Write every line of the material out exactly as shown.

▶ [DATA]:
[Start of Attachment]

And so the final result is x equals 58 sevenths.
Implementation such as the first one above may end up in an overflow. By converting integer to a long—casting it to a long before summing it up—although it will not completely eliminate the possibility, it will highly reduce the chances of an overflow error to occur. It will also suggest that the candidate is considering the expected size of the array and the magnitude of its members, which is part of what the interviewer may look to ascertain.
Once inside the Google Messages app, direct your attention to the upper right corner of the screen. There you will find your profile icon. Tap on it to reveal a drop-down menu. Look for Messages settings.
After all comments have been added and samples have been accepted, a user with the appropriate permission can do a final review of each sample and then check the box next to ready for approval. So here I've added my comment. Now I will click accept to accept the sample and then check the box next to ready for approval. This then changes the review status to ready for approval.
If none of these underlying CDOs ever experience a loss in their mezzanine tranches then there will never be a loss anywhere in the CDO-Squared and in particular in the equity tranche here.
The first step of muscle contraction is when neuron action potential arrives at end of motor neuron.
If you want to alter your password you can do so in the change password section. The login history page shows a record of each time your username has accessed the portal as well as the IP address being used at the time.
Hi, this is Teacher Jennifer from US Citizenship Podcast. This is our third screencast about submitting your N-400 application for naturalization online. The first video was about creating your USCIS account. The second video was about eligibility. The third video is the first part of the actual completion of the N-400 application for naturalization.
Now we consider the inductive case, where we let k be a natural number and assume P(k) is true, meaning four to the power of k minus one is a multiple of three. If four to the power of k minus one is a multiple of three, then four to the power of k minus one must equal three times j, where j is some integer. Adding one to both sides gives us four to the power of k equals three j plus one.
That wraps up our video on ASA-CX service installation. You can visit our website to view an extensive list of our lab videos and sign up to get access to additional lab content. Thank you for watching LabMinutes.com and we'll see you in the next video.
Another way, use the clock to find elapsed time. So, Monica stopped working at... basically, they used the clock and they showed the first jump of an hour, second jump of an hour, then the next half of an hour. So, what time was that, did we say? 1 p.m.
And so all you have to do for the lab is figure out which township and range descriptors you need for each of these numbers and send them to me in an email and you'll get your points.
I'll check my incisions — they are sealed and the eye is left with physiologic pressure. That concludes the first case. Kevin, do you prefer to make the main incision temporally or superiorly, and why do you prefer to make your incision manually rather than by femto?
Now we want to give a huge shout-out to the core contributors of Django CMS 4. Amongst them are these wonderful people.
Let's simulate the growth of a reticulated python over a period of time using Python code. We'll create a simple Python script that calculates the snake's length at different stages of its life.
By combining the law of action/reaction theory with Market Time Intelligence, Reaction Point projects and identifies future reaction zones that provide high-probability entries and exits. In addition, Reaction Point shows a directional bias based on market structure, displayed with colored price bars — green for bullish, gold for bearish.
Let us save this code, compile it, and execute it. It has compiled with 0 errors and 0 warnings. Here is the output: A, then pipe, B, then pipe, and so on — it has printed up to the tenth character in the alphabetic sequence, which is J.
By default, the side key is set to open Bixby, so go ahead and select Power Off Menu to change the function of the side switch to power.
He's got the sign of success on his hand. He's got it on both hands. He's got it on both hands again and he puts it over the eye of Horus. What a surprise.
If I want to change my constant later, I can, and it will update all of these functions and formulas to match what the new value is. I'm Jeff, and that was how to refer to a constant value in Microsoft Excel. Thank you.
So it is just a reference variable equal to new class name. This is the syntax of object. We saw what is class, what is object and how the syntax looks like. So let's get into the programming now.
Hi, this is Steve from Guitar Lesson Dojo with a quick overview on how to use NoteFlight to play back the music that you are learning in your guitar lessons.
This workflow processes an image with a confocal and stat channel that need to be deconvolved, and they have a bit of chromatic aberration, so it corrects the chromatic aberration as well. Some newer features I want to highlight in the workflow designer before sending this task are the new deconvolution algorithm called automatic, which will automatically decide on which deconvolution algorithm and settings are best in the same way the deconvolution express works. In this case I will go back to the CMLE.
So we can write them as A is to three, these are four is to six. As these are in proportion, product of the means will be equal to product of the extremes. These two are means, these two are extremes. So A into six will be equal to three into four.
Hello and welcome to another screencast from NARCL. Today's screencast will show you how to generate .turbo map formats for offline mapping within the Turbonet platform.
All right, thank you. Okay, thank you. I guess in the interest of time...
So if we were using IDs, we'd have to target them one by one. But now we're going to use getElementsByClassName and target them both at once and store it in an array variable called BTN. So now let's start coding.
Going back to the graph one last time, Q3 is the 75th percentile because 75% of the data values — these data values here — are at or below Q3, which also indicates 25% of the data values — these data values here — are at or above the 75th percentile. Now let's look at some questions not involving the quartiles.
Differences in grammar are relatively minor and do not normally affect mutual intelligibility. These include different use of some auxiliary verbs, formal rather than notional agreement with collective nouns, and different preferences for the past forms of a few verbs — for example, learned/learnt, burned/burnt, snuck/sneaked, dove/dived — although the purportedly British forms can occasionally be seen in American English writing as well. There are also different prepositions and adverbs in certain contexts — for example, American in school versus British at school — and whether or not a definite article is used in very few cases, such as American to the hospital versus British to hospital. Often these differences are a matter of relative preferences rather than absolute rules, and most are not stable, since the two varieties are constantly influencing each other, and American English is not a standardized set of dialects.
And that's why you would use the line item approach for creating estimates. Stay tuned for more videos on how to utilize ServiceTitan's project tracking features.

[End of Attachment]

▶ [EXPECTED ANSWER]:
And so the final result is x equals 58 sevenths.
Implementation such as the first one above may end up in an overflow. By converting integer to a long—casting it to a long before summing it up—although it will not completely eliminate the possibility, it will highly reduce the chances of an overflow error to occur. It will also suggest that the candidate is considering the expected size of the array and the magnitude of its members, which is part of what the interviewer may look to ascertain.
Once inside the Google Messages app, direct your attention to the upper right corner of the screen. There you will find your profile icon. Tap on it to reveal a drop-down menu. Look for Messages settings.
After all comments have been added and samples have been accepted, a user with the appropriate permission can do a final review of each sample and then check the box next to ready for approval. So here I've added my comment. Now I will click accept to accept the sample and then check the box next to ready for approval. This then changes the review status to ready for approval.
If none of these underlying CDOs ever experience a loss in their mezzanine tranches then there will never be a loss anywhere in the CDO-Squared and in particular in the equity tranche here.
The first step of muscle contraction is when neuron action potential arrives at end of motor neuron.
If you want to alter your password you can do so in the change password section. The login history page shows a record of each time your username has accessed the portal as well as the IP address being used at the time.
Hi, this is Teacher Jennifer from US Citizenship Podcast. This is our third screencast about submitting your N-400 application for naturalization online. The first video was about creating your USCIS account. The second video was about eligibility. The third video is the first part of the actual completion of the N-400 application for naturalization.
Now we consider the inductive case, where we let k be a natural number and assume P(k) is true, meaning four to the power of k minus one is a multiple of three. If four to the power of k minus one is a multiple of three, then four to the power of k minus one must equal three times j, where j is some integer. Adding one to both sides gives us four to the power of k equals three j plus one.
That wraps up our video on ASA-CX service installation. You can visit our website to view an extensive list of our lab videos and sign up to get access to additional lab content. Thank you for watching LabMinutes.com and we'll see you in the next video.
Another way, use the clock to find elapsed time. So, Monica stopped working at... basically, they used the clock and they showed the first jump of an hour, second jump of an hour, then the next half of an hour. So, what time was that, did we say? 1 p.m.
And so all you have to do for the lab is figure out which township and range descriptors you need for each of these numbers and send them to me in an email and you'll get your points.
I'll check my incisions — they are sealed and the eye is left with physiologic pressure. That concludes the first case. Kevin, do you prefer to make the main incision temporally or superiorly, and why do you prefer to make your incision manually rather than by femto?
Now we want to give a huge shout-out to the core contributors of Django CMS 4. Amongst them are these wonderful people.
Let's simulate the growth of a reticulated python over a period of time using Python code. We'll create a simple Python script that calculates the snake's length at different stages of its life.
By combining the law of action/reaction theory with Market Time Intelligence, Reaction Point projects and identifies future reaction zones that provide high-probability entries and exits. In addition, Reaction Point shows a directional bias based on market structure, displayed with colored price bars — green for bullish, gold for bearish.
Let us save this code, compile it, and execute it. It has compiled with 0 errors and 0 warnings. Here is the output: A, then pipe, B, then pipe, and so on — it has printed up to the tenth character in the alphabetic sequence, which is J.
By default, the side key is set to open Bixby, so go ahead and select Power Off Menu to change the function of the side switch to power.
He's got the sign of success on his hand. He's got it on both hands. He's got it on both hands again and he puts it over the eye of Horus. What a surprise.
If I want to change my constant later, I can, and it will update all of these functions and formulas to match what the new value is. I'm Jeff, and that was how to refer to a constant value in Microsoft Excel. Thank you.
So it is just a reference variable equal to new class name. This is the syntax of object. We saw what is class, what is object and how the syntax looks like. So let's get into the programming now.
Hi, this is Steve from Guitar Lesson Dojo with a quick overview on how to use NoteFlight to play back the music that you are learning in your guitar lessons.
This workflow processes an image with a confocal and stat channel that need to be deconvolved, and they have a bit of chromatic aberration, so it corrects the chromatic aberration as well. Some newer features I want to highlight in the workflow designer before sending this task are the new deconvolution algorithm called automatic, which will automatically decide on which deconvolution algorithm and settings are best in the same way the deconvolution express works. In this case I will go back to the CMLE.
So we can write them as A is to three, these are four is to six. As these are in proportion, product of the means will be equal to product of the extremes. These two are means, these two are extremes. So A into six will be equal to three into four.
Hello and welcome to another screencast from NARCL. Today's screencast will show you how to generate .turbo map formats for offline mapping within the Turbonet platform.
All right, thank you. Okay, thank you. I guess in the interest of time...
So if we were using IDs, we'd have to target them one by one. But now we're going to use getElementsByClassName and target them both at once and store it in an array variable called BTN. So now let's start coding.
Going back to the graph one last time, Q3 is the 75th percentile because 75% of the data values — these data values here — are at or below Q3, which also indicates 25% of the data values — these data values here — are at or above the 75th percentile. Now let's look at some questions not involving the quartiles.
Differences in grammar are relatively minor and do not normally affect mutual intelligibility. These include different use of some auxiliary verbs, formal rather than notional agreement with collective nouns, and different preferences for the past forms of a few verbs — for example, learned/learnt, burned/burnt, snuck/sneaked, dove/dived — although the purportedly British forms can occasionally be seen in American English writing as well. There are also different prepositions and adverbs in certain contexts — for example, American in school versus British at school — and whether or not a definite article is used in very few cases, such as American to the hospital versus British to hospital. Often these differences are a matter of relative preferences rather than absolute rules, and most are not stable, since the two varieties are constantly influencing each other, and American English is not a standardized set of dialects.
And that's why you would use the line item approach for creating estimates. Stay tuned for more videos on how to utilize ServiceTitan's project tracking features.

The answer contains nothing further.